We still have two months until the end of 2019, but some audiences are already thinking about the past year of television that has hit the airwaves. With the television world arguably being more saturated than ever, audiences have had no shortage of new and returning programs to check out -- and according to a new report, the past year of shows have crossed a new milestone in LGBTQ representation. GLAAD, the world's largest LGBTQ media advocacy organization, recently released its annual "Where We Are on TV" report, which outlines the statistics of diversity across network, cable, and streaming television from the past year.

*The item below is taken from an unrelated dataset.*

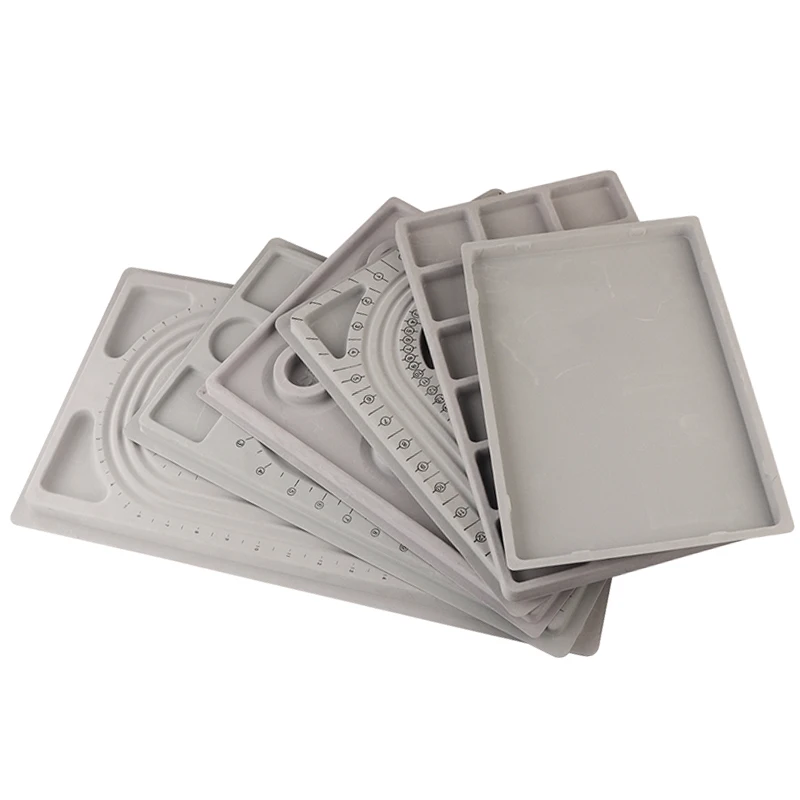 13 stijlen Flockeda Bead Board voor armband ketting lade kralen accessoires meetinstrumenten ambachten voor sieraden maken DIY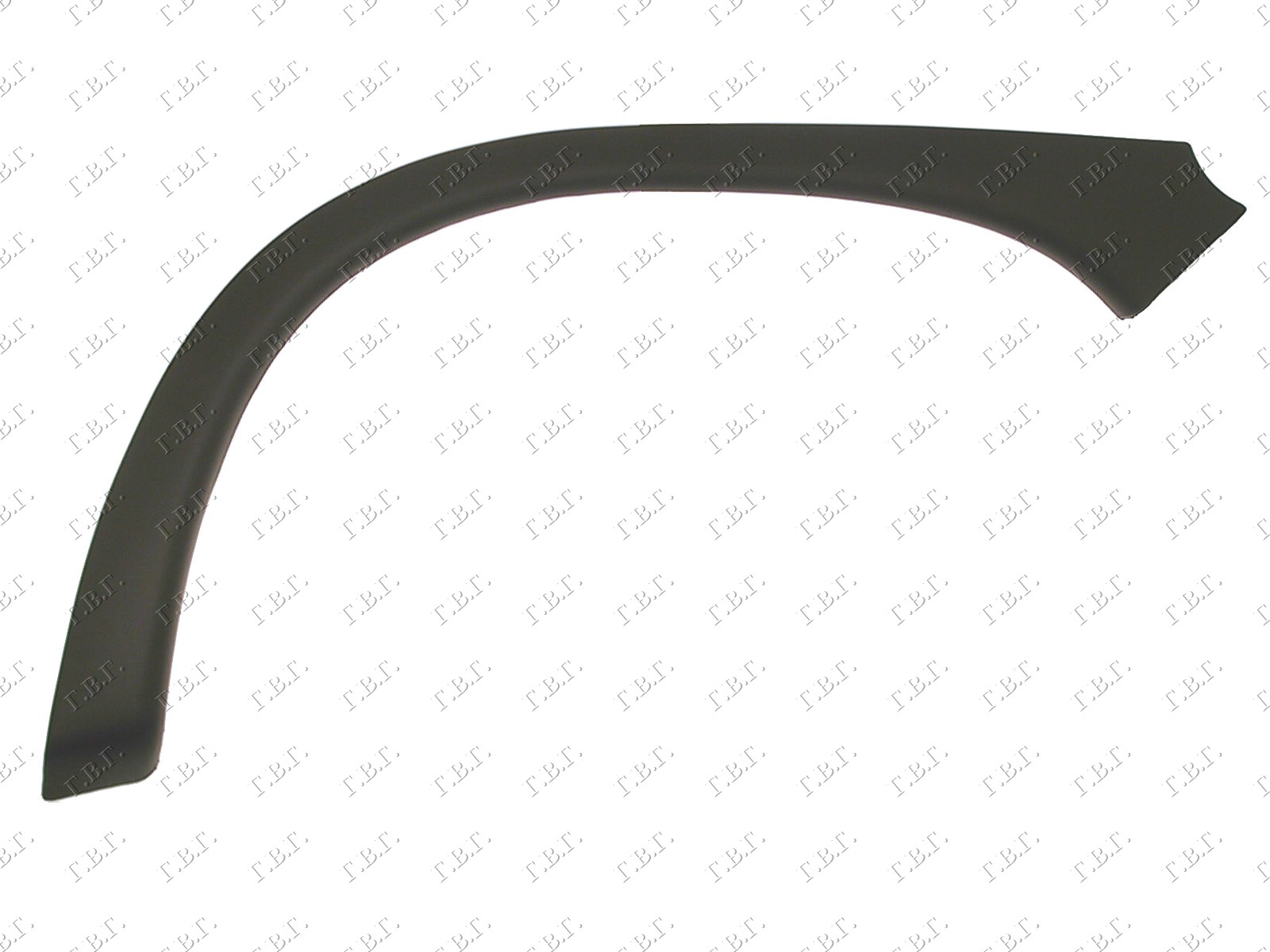 Opel corsa b 1996-1997 (s93) RUB PLASTICNI ZADNJEG BLATOBRANA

According to their report, the number of LGBTQ series regulars across broadcast television series is at an all-time high of 90, with those characters making up 10.2% of all series regulars. For the first time in the report's history, there are also more LGBTQ women than men in regular and recurring roles on broadcast television.
The report highlights The CW's programming, with LGBTQ characters making up 15.4% of all series regular characters on the network. In addition to LGBTQ representation on Legends of Tomorrow, Supergirl, and Black Lightning, the report mentions Batwoman "making history this fall with the first lesbian superhero title character, as out actress Ruby Rose picks up the cape of Kate Kane/ Batwoman." It also highlights Supergirl's Nia Nal/Dreamer (Nicole Maines), who suited up earlier this year as television's first transgender superhero.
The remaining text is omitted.